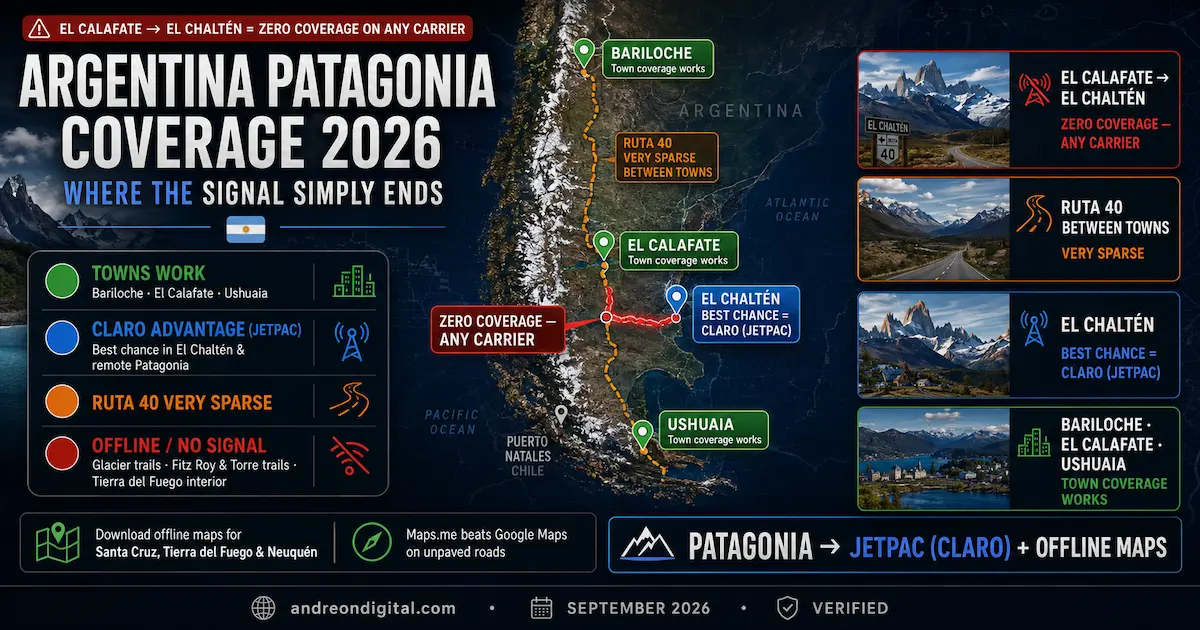 Argentina Patagonia coverage 2026 map showing zero signal between El Calafate and El Chaltén, sparse Ruta 40 coverage and Claro advantage in remote areas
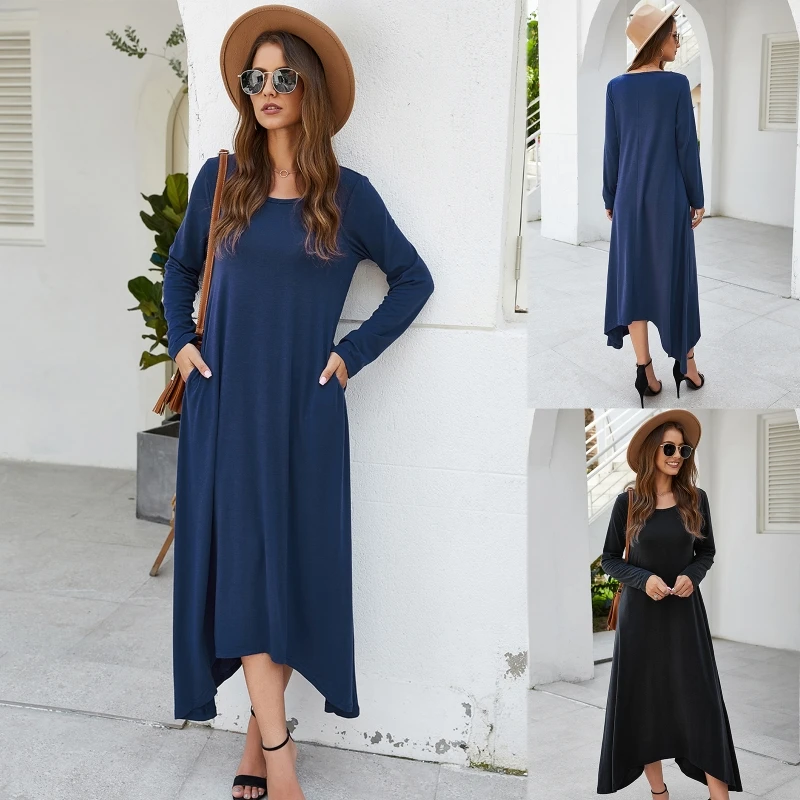

Женское оригинальное платье, однотонное осенне-летнее повседневное Свободное длинное платье с карманами, пуловер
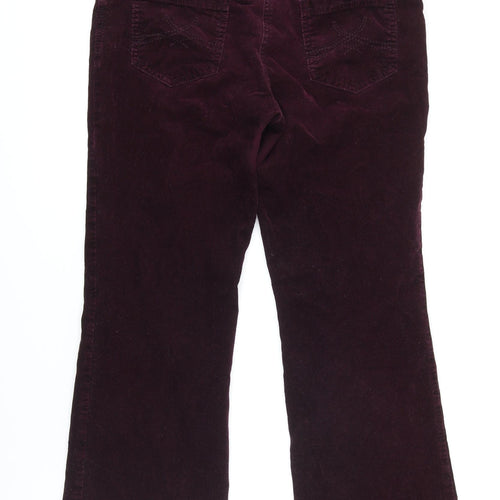 M&S Womens Purple Cotton Trousers Size 12 L26 in Regular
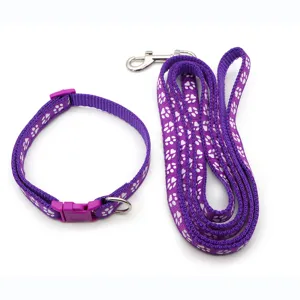 Set guinzaglio e collare viola per animali domestici con bel motivo a zampa bianca.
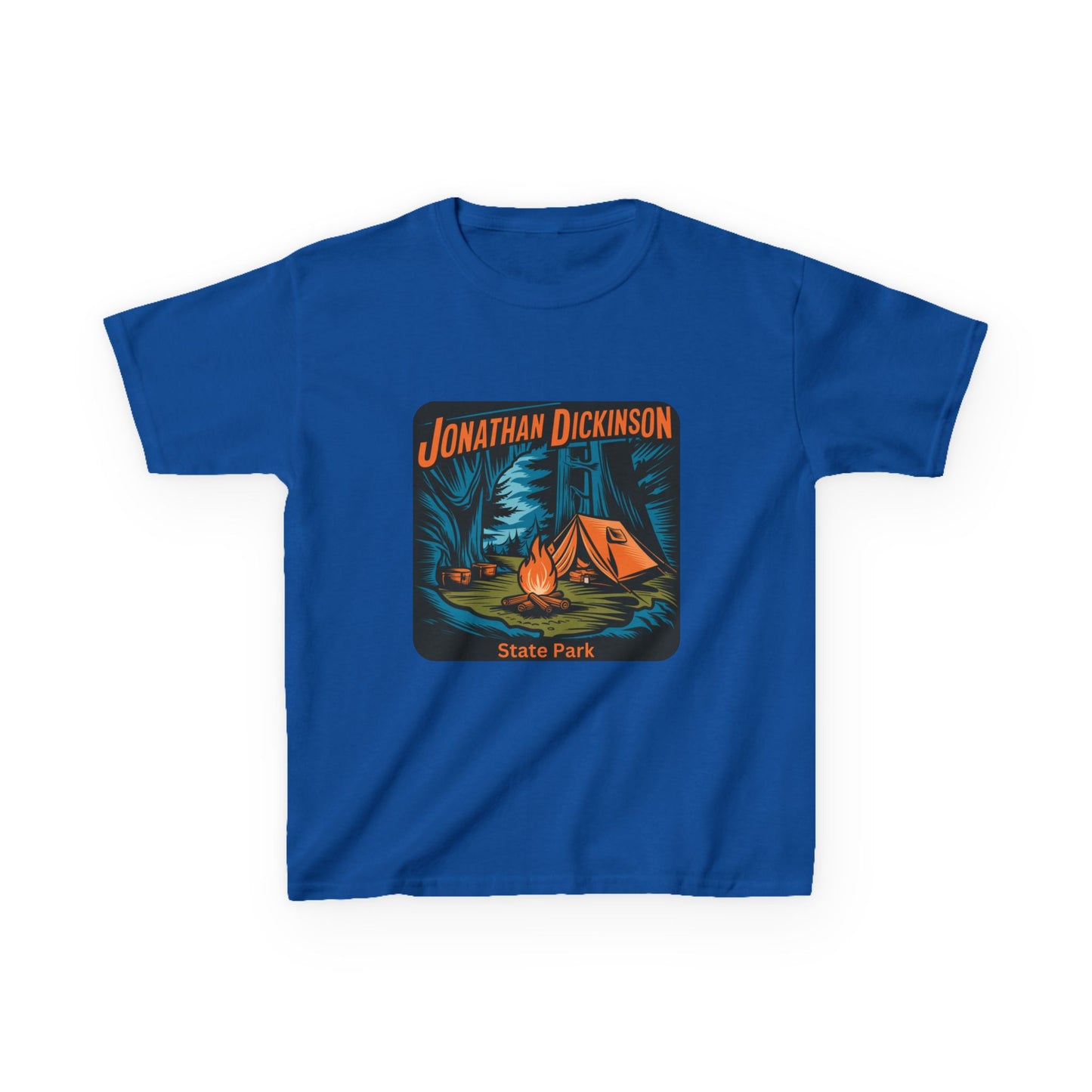 Kids Jonathan Dickinson State Park Camping T-Shirt – Florida Campfire Nature Youth Tee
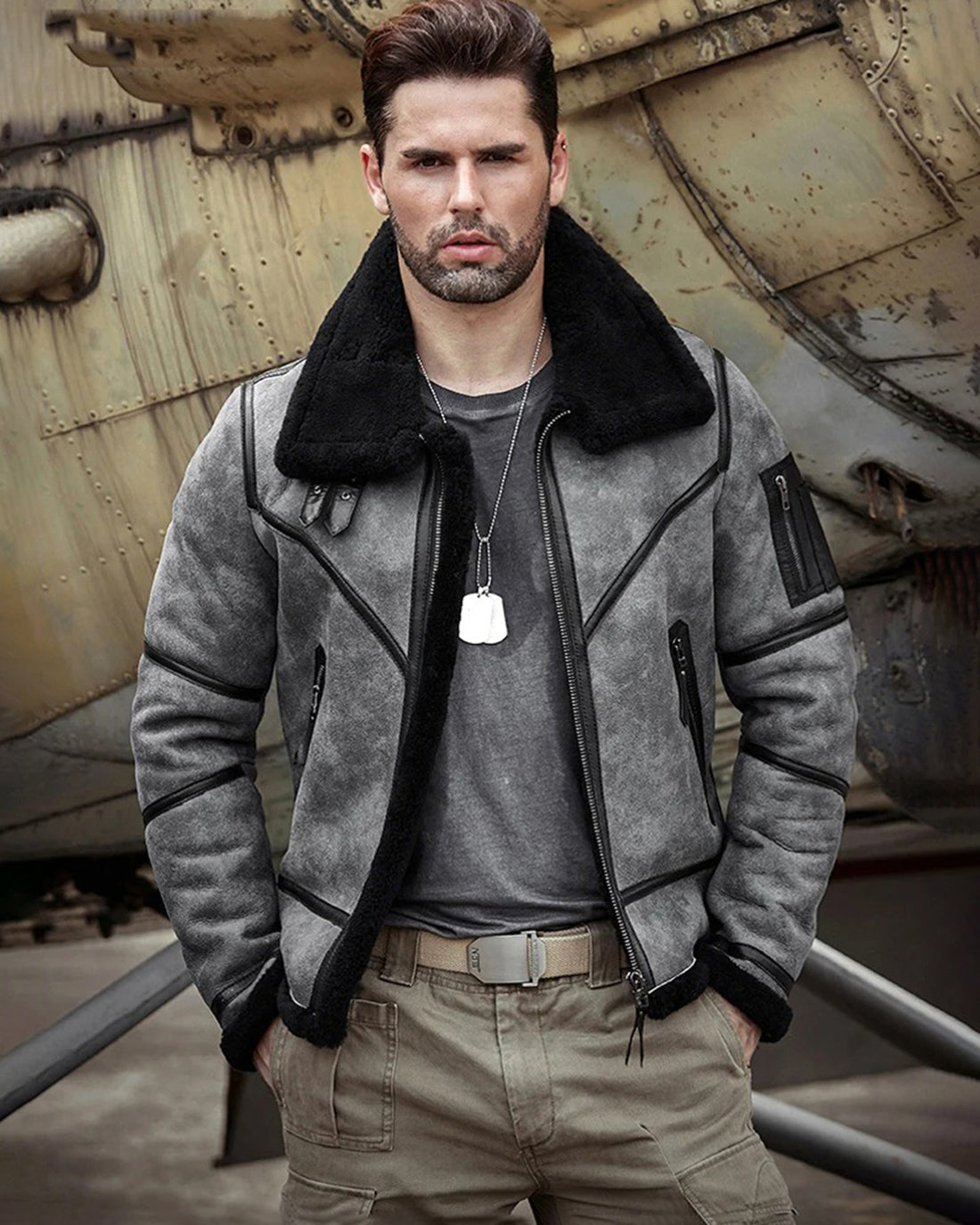 Men's B3 Flight Fur & Shearling Leather Jacket in Grey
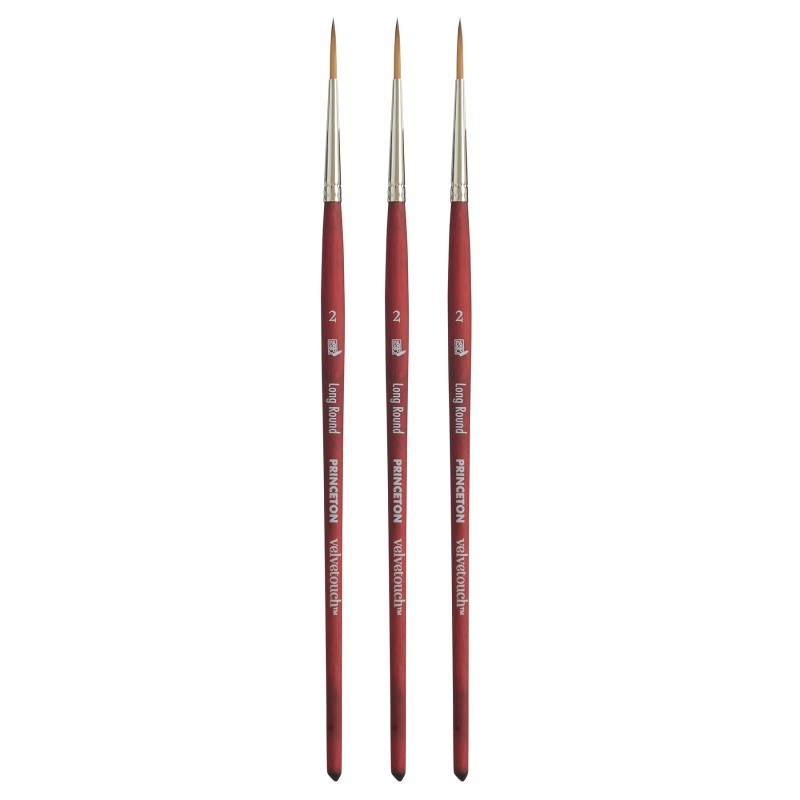 Princeton Velvetouch Long Round Brush, Synthetic Bristles, Short Handle Mixed Media Paintbrush, Scarlet, Size 2, Pack of 3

▶ [HOW TO COMPLETE THIS TASK]:
Please give again only those lines that run from the one containing "Kids Jonathan Dickinson" through the final line of the listing, both included, exactly as written and without pictures.

▶ [EXERCISE SOLUTION]:
 Kids Jonathan Dickinson State Park Camping T-Shirt – Florida Campfire Nature Youth Tee
 Men's B3 Flight Fur & Shearling Leather Jacket in Grey
 Princeton Velvetouch Long Round Brush, Synthetic Bristles, Short Handle Mixed Media Paintbrush, Scarlet, Size 2, Pack of 3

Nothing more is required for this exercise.